What is more special than sharing something extraordinary with someone you love? What could be better than swimming with stingrays alongside your siblings, watching your children’s eyes fill with wonder on an African safari, or simply sitting with your sweetie and watching a spectacular sunrise over the still morning ocean?

Last month, I shared something extraordinary with my husband, three boys and daughter-in-law. It’s cheesy, I know, but I'm starting to believe that families who Falconry together, stay together. I don’t know who loved it more, my husband, our adult children, or myself!

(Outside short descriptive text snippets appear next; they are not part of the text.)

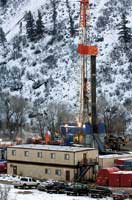A drill rig looms over the man camp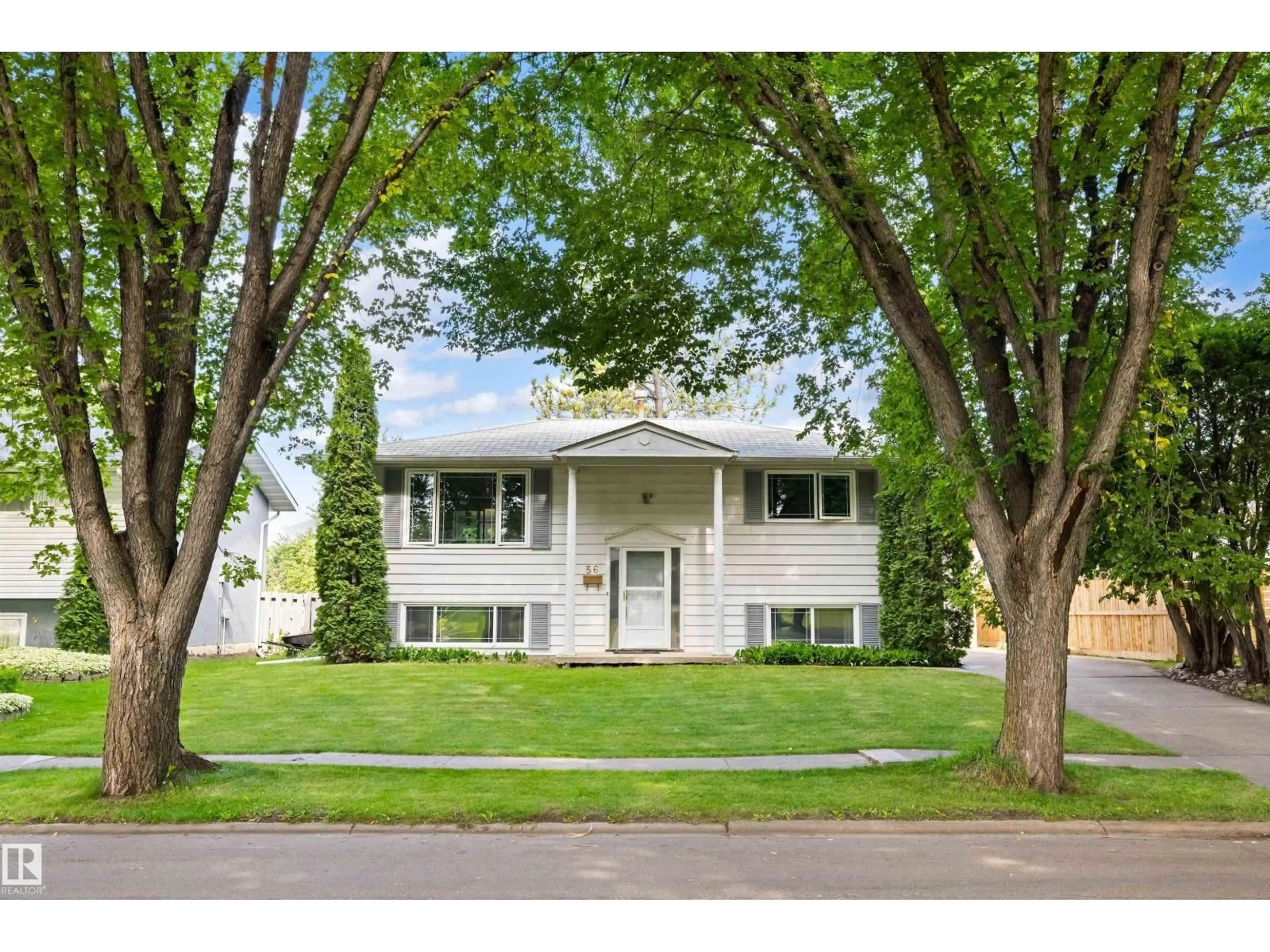 Home with vinyl exterior material, street for 56 FLAGSTONE CR, St. Albert Alberta T8N1R3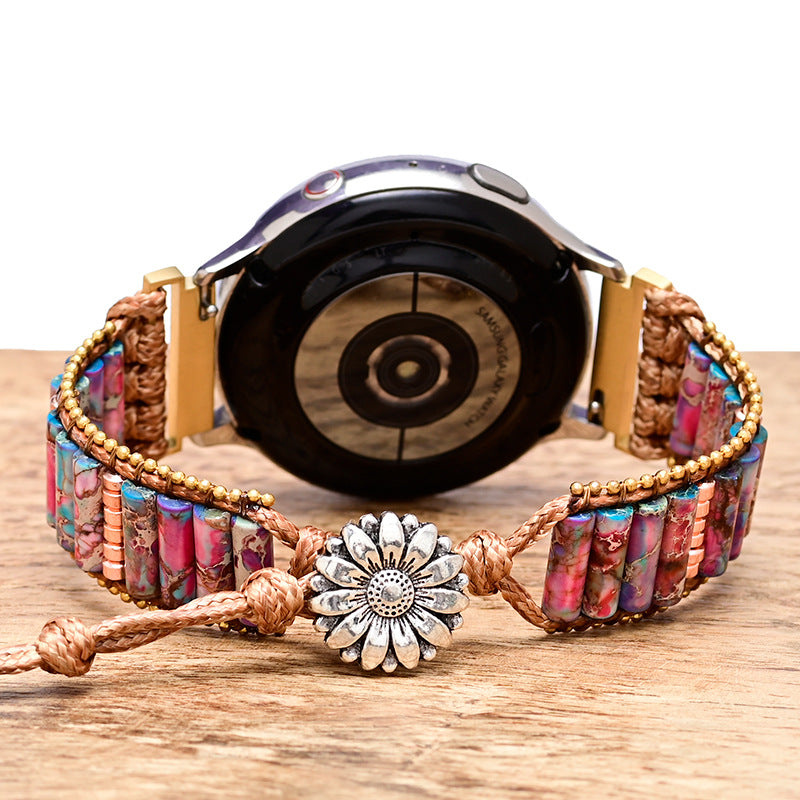Fitlybuy purple floral stone bracelet watch band with woven cord and silver flower clasp on a wooden surface.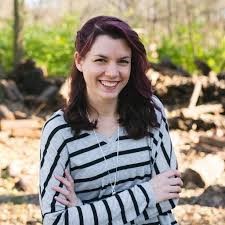 Image of a smiling woman with long dark hair wearing a grey and black striped shirt. She is standing in front of a natural setting with trees.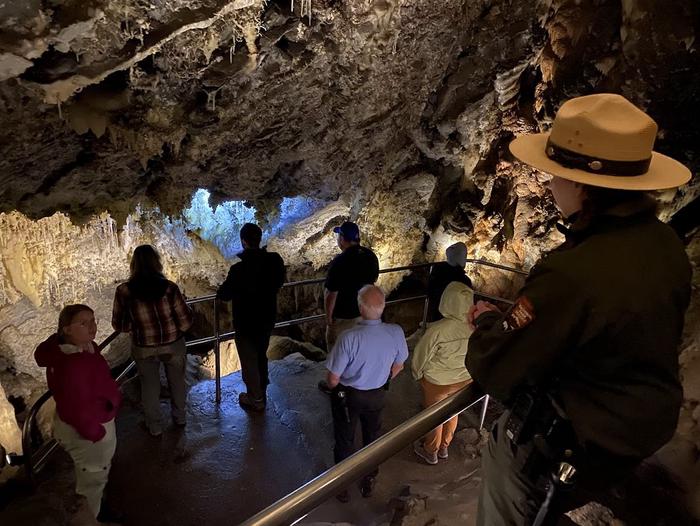 6 visitors standing below their ranger who is pointing out different cave formations in a highly decorated room in Timpanogos CaveTour group in the Chimes Chamber of Timpanogos Cave
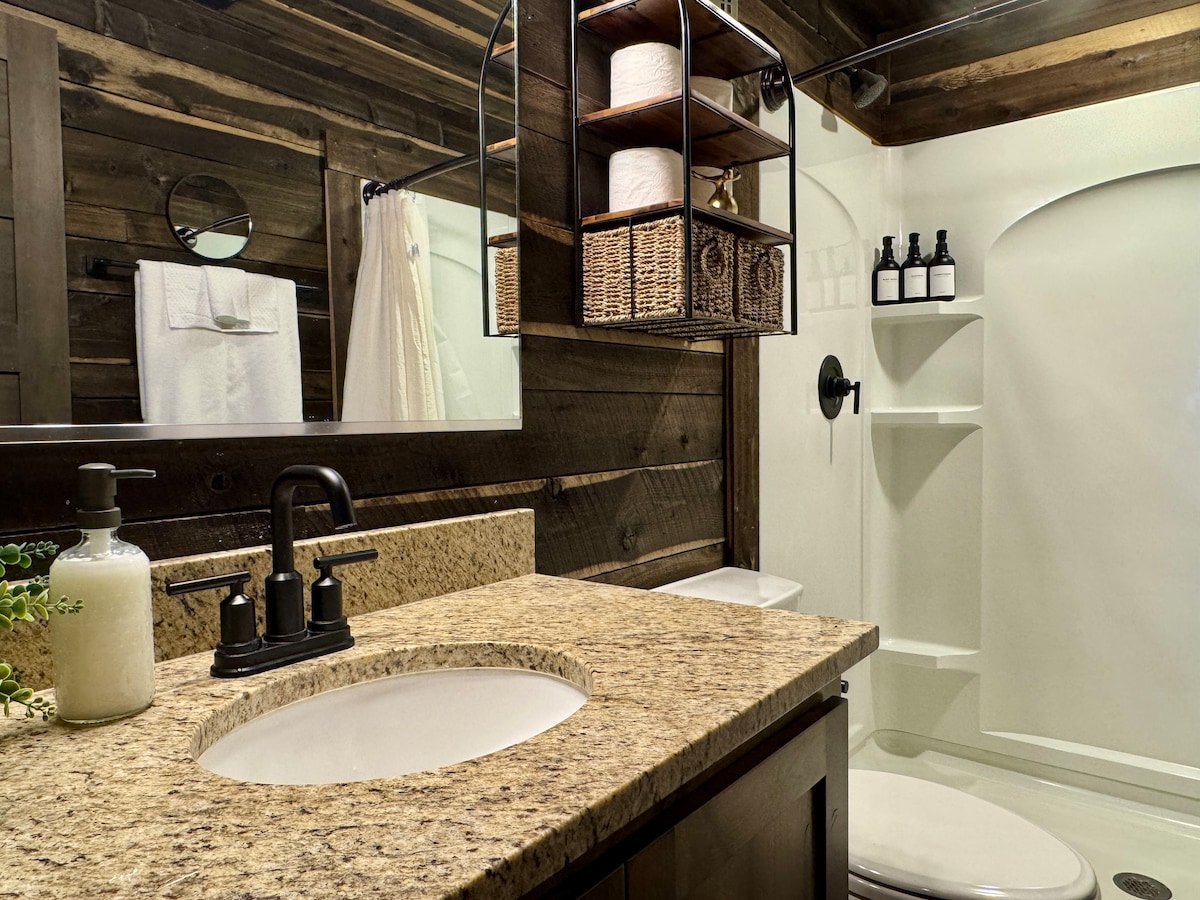 The bathroom features a granite countertop with a circular sink, complemented by dark fixtures. Shelving above holds neatly arranged toiletries and towels. A walk-in shower is enclosed with smooth white walls, enhancing the space's cleanliness. Natural wood accents add warmth to the overall design.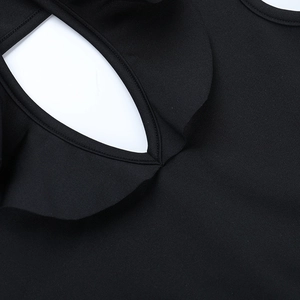 Detalle de escote en V con volantes y diseño calado en vestido negro de manga larga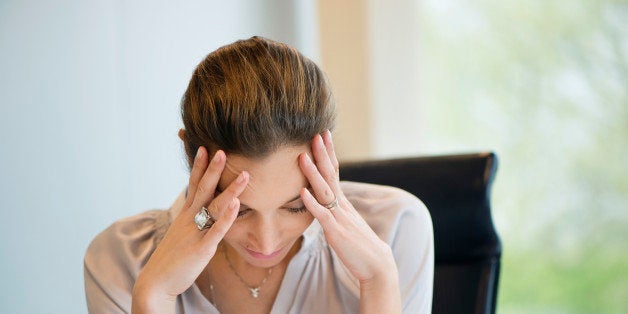 Close-up of a businesswoman suffering from a headache in an office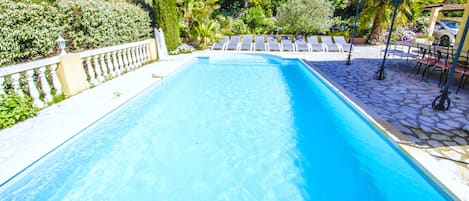 Grande piscine avec escalier et échelle. Elle est protégée par une alarme.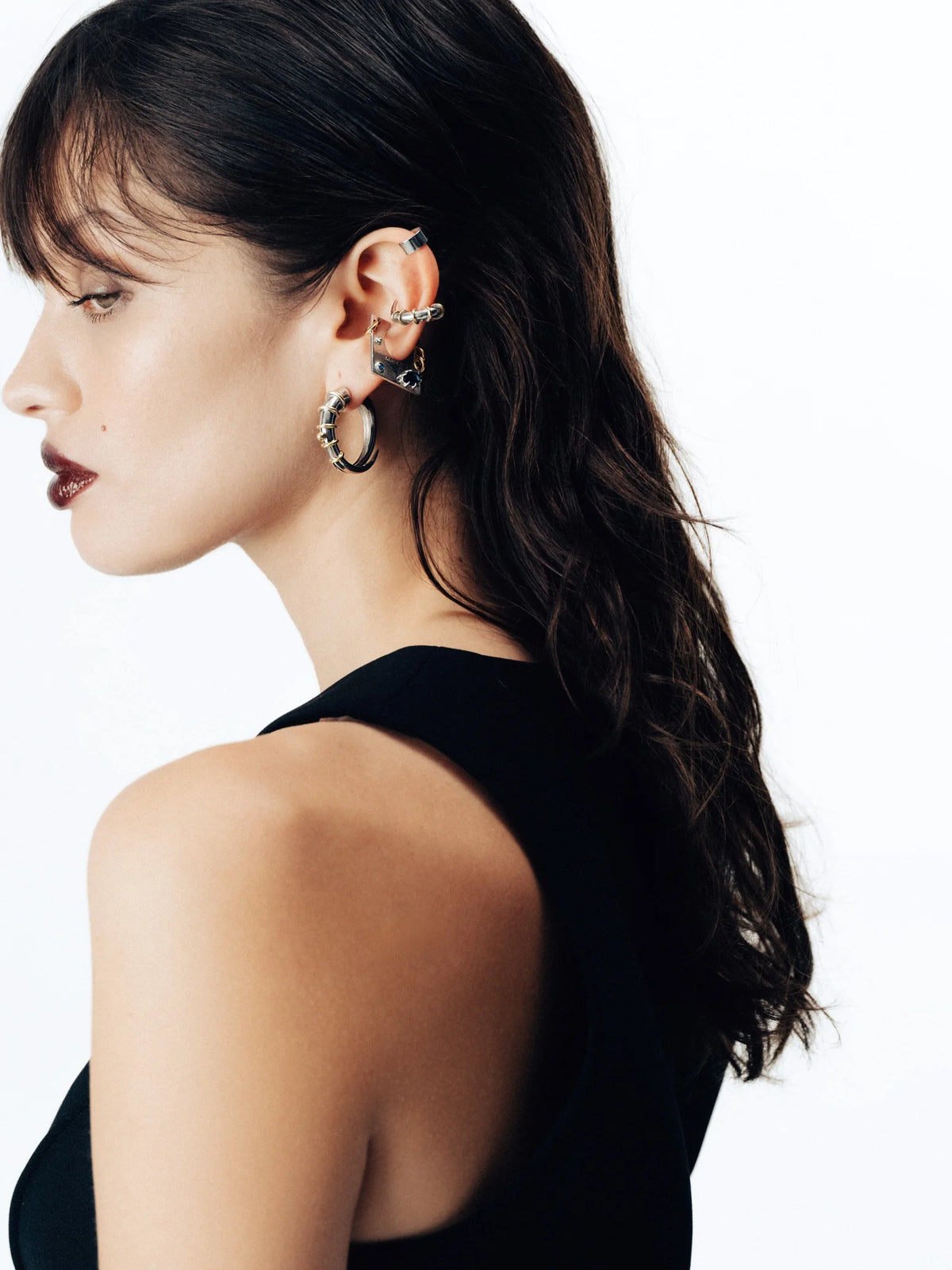 Siyah elbise ile tamamlanan metal earcuff detayı, Jaagravi’nin zarif minimalizm anlayışını modern bir formda sunuyor. Beyaz arka plan, tasarımın gücünü sade bir dengeyle vurguluyor. Pentome Studio’da çekilmiştir.
The metallic earcuff paired with a sleek black dress embodies Jaagravi’s refined minimalism in a contemporary form. The white backdrop enhances the strength of the design through subtle balance. Photographed at Pentome Studio.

You might be wondering what “Falconry” is, exactly. While falconry is trending in travel, it has actually been in existence for more than 4,000 years and was known as the sport of kings. It involves a bird of prey, such as a hawk, falcon or eagle, hunting and bringing back live prey to his master. Falconry in travel is an activity where people experience the rush of a falcon, or in most cases a Harris Hawk, coming to land on or launch from your hand to get food.  Harris Hawks are unique in the raptor family in that they hunt in groups of 2-6 and are known as the wolves of the sky. This characteristic makes them easier to train, as they come to see their trainer as a member of the pack.

We experienced Falconry in Ireland and it just might be my new favorite multigenerational activity! My husband and I, and our children, were all completely fascinated with the birds. One of the coolest moments is the, “Now you get to see what it’s like to be a rabbit,” when the hawk flies over your head so closely that his tail feathers skim your forehead. *Be sure to watch in HD*

Most falconry outfitters have birds other than falcons that you can encounter, such as owls! My middle son, Will, made sure to ask his owl how many licks it took to get to the center of a tootsie pop. Gonzo, the owl, wouldn’t give up the secret.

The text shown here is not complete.